Our solution vision will be an easy-to-wear normal sunglasses with the camera, speaker and the processing unit integrated to it. The visually impaired person will be able to detect objects, person or even obstacle through image and object recognition which will help them to visit Art gallery, museums and similar places easily.

How we built it

We used a computer web camera by attaching it to the sunglasses for making our prototype. In the technical specifications, camera will send the raw data into the OpenCV Parser which will then be processed by our Model. After the data is processed by the NanoDet Plus Model, it will draw the detected objects and prioritize the best object according to the user perspective. It will then recite the detected objects to the user from the speaker integrated to it.

Challenges we ran into

Well we had a few problems while working together with hardware, software and AI Model. We had very much less time to train our own models so we used pre-trained models. But since we had to deploy it on raspberry Pi, we suffered drastically from:

low fps due to heavier model,
low accuracy due to light models
After trying mobileNet, efficientNet, YOLO, and NanoDet Plus, we settled on the later which provided us with about 5 FPS of Single Shot Detection.

Accomplishments that we're proud of

We are glad that we could complete all the features that we had planned for the prototype.

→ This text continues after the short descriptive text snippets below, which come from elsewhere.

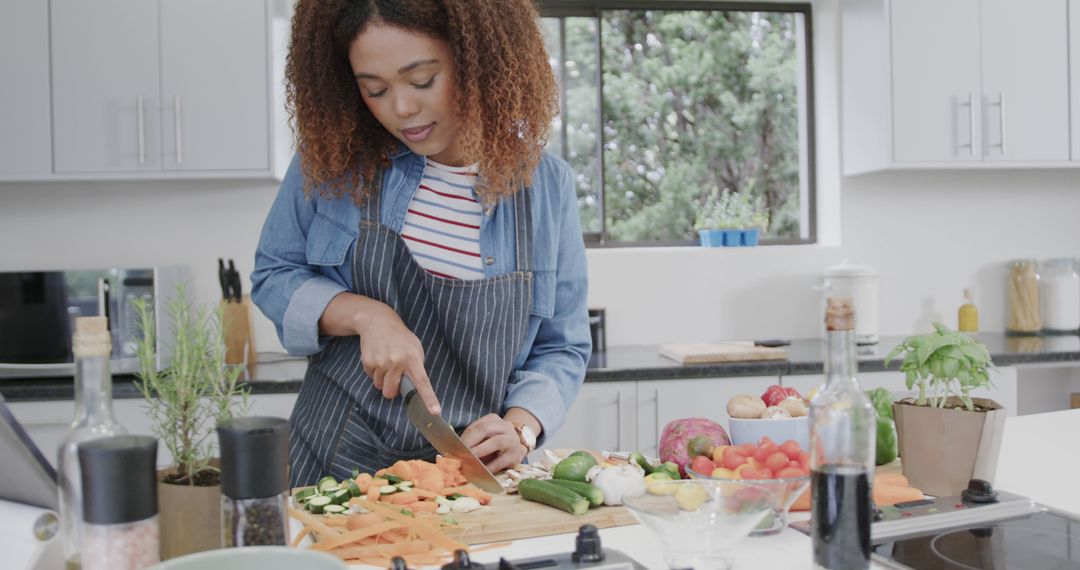 Young African American Woman Chopping Vegetables in Modern Kitchen - Free Images, Stock Photos and Pictures on Pikwizard.com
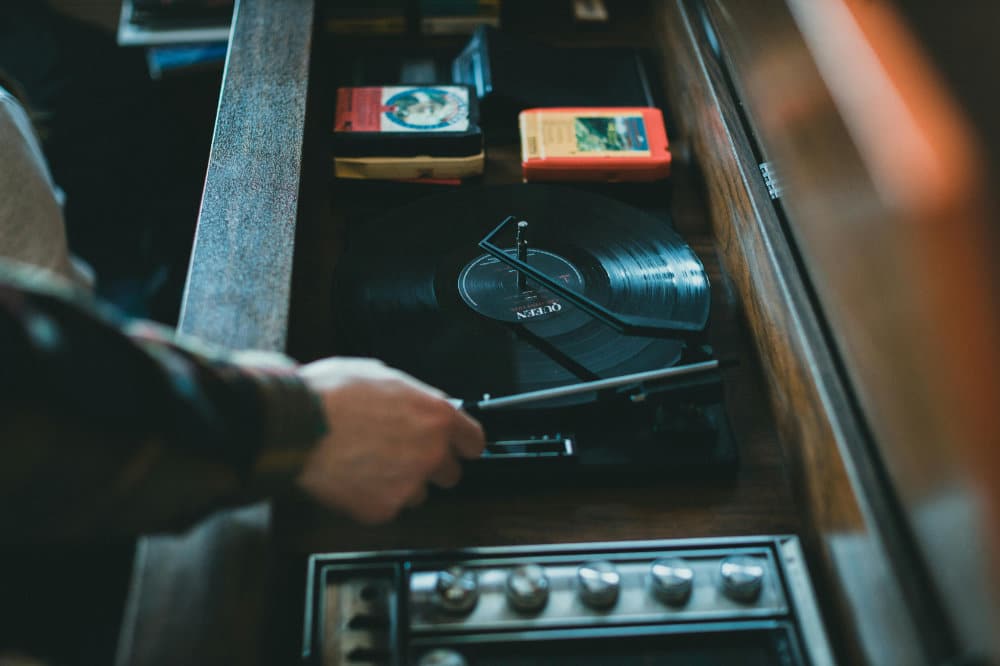 a man plays a hardcore techno record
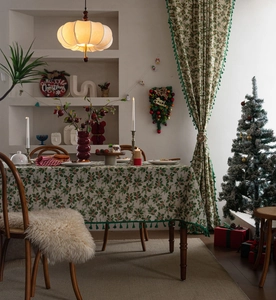 Detailed view of Christmas holly berry tablecloth with green pompom fringe edges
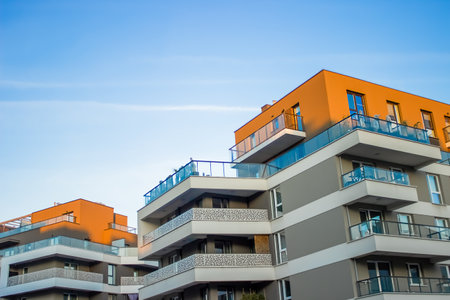 Multi-story gray buildings with wide continuous balconies and orange roofs have been built in the city. High quality photoの写真素材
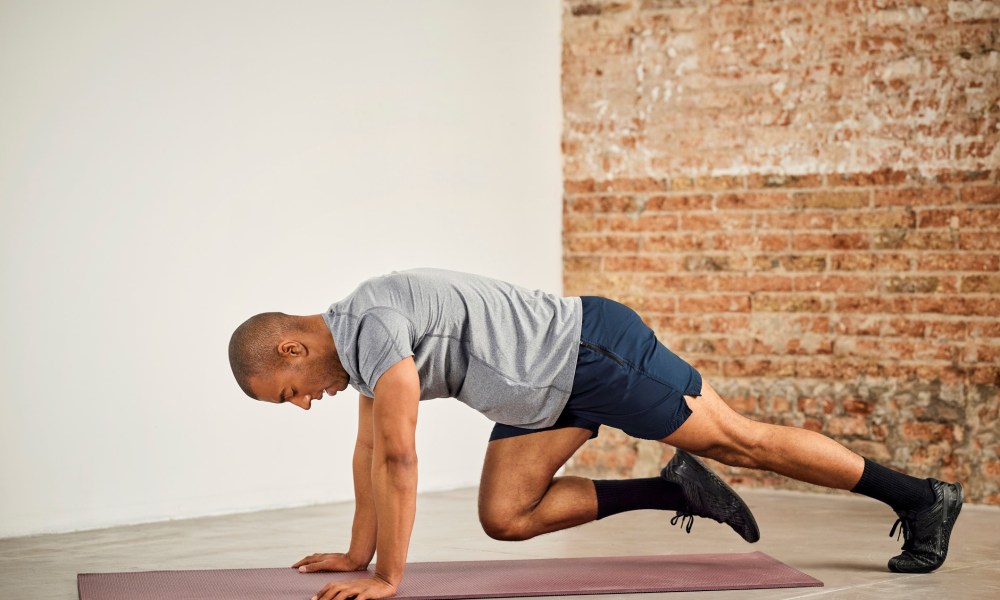 Man doing mountain climbers on a mat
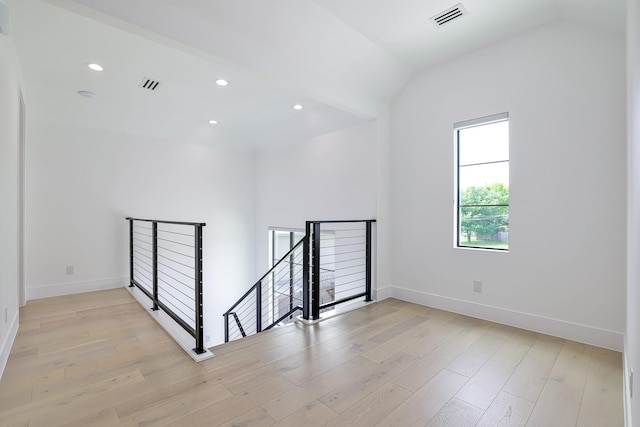 1733 E Lake Dr, Weatherford, TX 76087 - spare room featuring light wood-type flooring, visible vents, lofted ceiling, recessed lighting, and baseboards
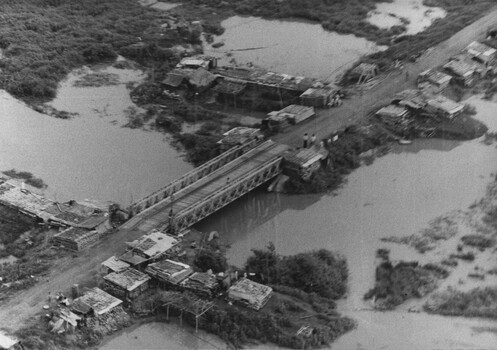 A  photograph of a series of South Vietnamese Regional Force heavily sandbagged outposts on Vietnams National Route 23.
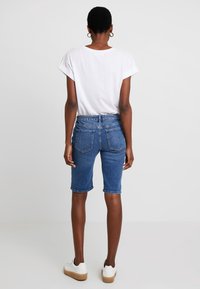 Denim shorts in een middelblauwe, knie-lange uitvoering met een aangesloten tailleband, voorzien van twee achterzakken en opgerolde zomen, gecombineerd met een wit t-shirt.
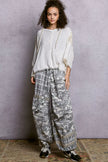 Airy hoodie top with exposed seams and relaxed fit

Not only that, we added an additional feature of prioritizing the detected objects on the basis of our algorithm. We also divided the FOV into 5 regions [Left-Top, Right-Top, Center, Left-Bottom, Right-Bottom] so that it could better help in navigation for the visually impaired people. We are proud of ourselves that we could identify a crucial problem and we could present solution regarding it.

What we learned

We learned about different models, debugging the solution more [not only the code, but also the idea], and we also learned technical aspects like react, firebase, etc.

What's next for Vision

Our model detects the objects and converts it to audio to be fed on earpiece worn by visually impaired people. Our next steps includes describing the historical statue detected at the museum, and legendary art detected at an art gallery. As for the prototype, we will integrate all the hardware into the device itself and the MVP will be wearable like an ordinary smart-glasses but with smart features. We have attached our prototype design of the MVP in the medias

After successfully implementing the features of the MVP, we will:

Test the product in the real market,
Collect user feedback and make upgrades to the project,
When the product is market ready, approach investors for mass production and marketing.